さ、お化け屋敷しか行けてなかったし出来るだけめいいっぱい楽しもう。


人で賑わっている廊下を上手く避け列に並ぶ。しかし10分近く経っても中々進まないなと思っている

と――


「ね、あれ転校生じゃない?」

「あ、最近結構話題になるよね」

「もしかして一人かな?どうする?」


と、聞こえてくる。転校生って俺のことだよな?なんか、気まずいというか、いたたまれないというか。うーん。せっかく並んだ列から抜けるのも嫌だし。優香たちは今仕事をしているから絶対にいないからなぁ……。


「一人なら誘っちゃおうよ」

「私たちにもイケメンを味わう権利ぐらいならあるよね」


イケメンを求めてるなら裕也を誘ってください。あ、でも裕也には音葉さんがいるからダメだ。

仕方ない。
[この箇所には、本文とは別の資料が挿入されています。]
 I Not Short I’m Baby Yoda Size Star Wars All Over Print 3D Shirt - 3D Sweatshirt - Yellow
とりあえず、ごく普通を装って列から外れよう。あーいう、ちょっと派手目な人たち苦手だし。


出来るだけ目を合わせないように彼女たちがいる逆方向に向かって歩こうとすると、


「あ」

「え?」


昨日、校門で話した女子とばったり会う。そして完全に目が合う。

そういえば、まだ返事してなかった。……気まずい。これじゃあ五十歩百歩じゃないか。いや、けど五十歩歩くか百歩歩くかと問われると俺は五十歩を選ぶ。よし、返事ついでにここからフェードアウトしよう。


「あ、あの」

「ふぇ?」

「昨日はごめん」


正直今も怖い。もしこの子だったら、と心の叫びが体を震わせる。けど、彼女からは昨夜のようなトラウマを思い出される甘く辛い匂いはせず、今は甘酸っぱくて、惹かれそうな優しい匂いがした。
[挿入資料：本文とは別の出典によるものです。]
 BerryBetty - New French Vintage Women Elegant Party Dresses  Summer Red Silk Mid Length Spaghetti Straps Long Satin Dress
「罪滅ぼしって言ったらあれなんだけど、一緒に回らない?」

「え!?い、いいの?」

「うん。ちょうど一人だったし」


俺は考えた。これは、最大のチャンスだ。

この瞬間を使えば彼女がそうなのか、それとも違うのか分かるはずだ。彼女には悪いがこの場を使わさせてもらう。俺もこの学校に犯人がいるとは思いたくないが、念のためというやつだ。


俺は少し罪悪感に蝕まれつつも、彼女と並んで歩き始めた。ついでに、俺の事を話していた女子たちを軽く見て、一応誘おうとしてくれたわけだから、ごめんねと心で思いながら頭を少し下げた。


「っ!」

「今の私たちだよね?」


そういえば、髪伸びてきたな。また愛美に切ってもらわないと。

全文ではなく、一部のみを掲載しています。